PROBLEM DETAILS:
Beginning at the line that contains "Disfraz de Doctor" and finishing at the line that contains "TAE Photo Collage", output the data below exactly. Include both end lines and no pictures.

PROVIDED ENTRIES:
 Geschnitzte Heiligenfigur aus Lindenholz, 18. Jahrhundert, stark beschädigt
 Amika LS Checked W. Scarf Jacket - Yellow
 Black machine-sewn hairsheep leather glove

---

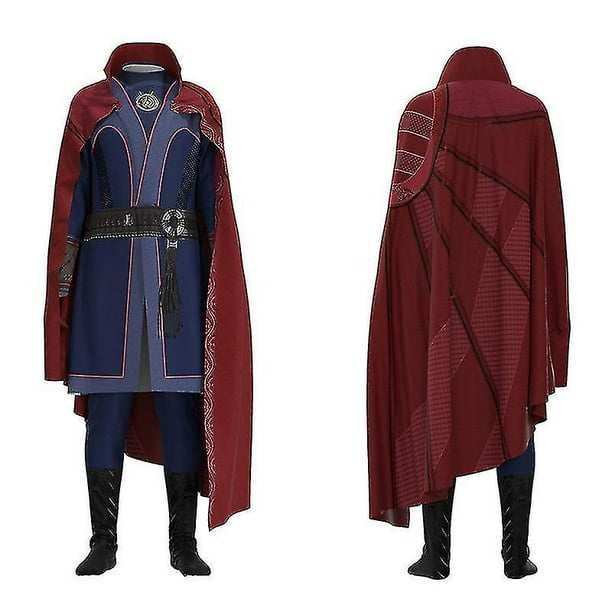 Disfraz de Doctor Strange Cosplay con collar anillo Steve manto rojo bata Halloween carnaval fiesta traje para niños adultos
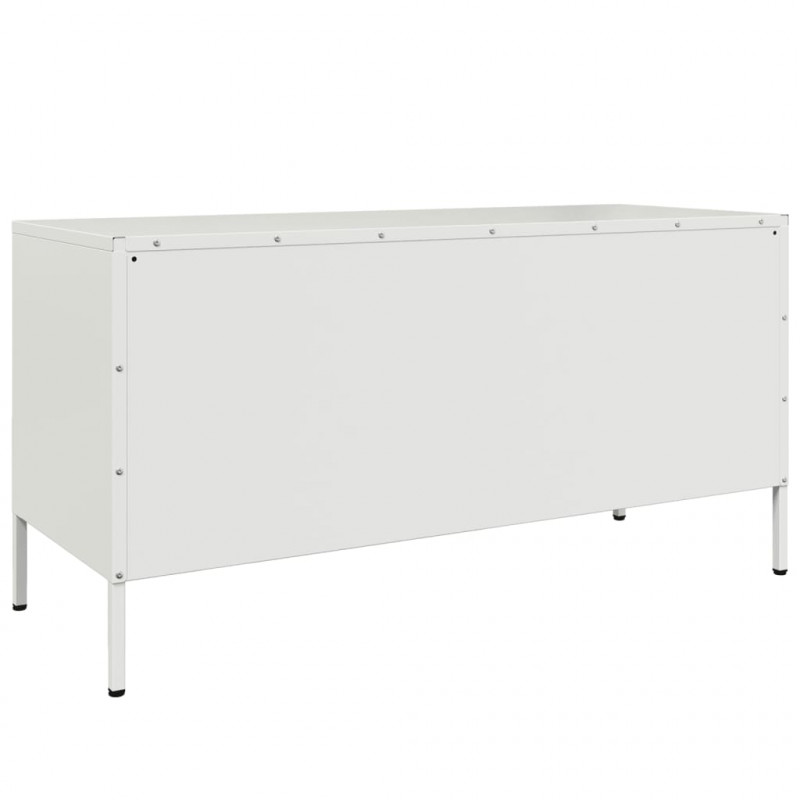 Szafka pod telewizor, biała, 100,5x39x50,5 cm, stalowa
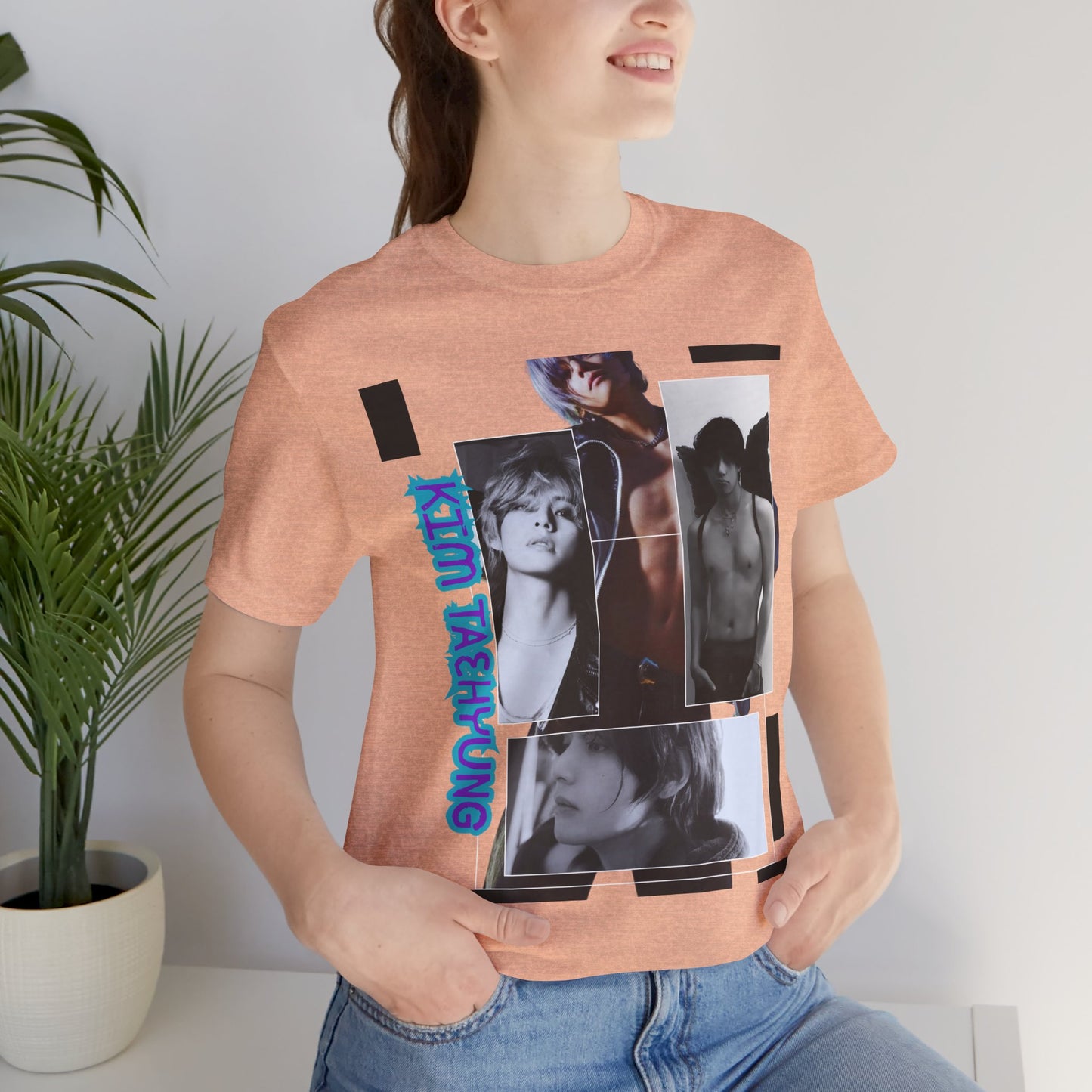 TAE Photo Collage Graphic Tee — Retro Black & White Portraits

EXERCISE RESULT:
 Disfraz de Doctor Strange Cosplay con collar anillo Steve manto rojo bata Halloween carnaval fiesta traje para niños adultos
 Szafka pod telewizor, biała, 100,5x39x50,5 cm, stalowa
 TAE Photo Collage Graphic Tee — Retro Black & White Portraits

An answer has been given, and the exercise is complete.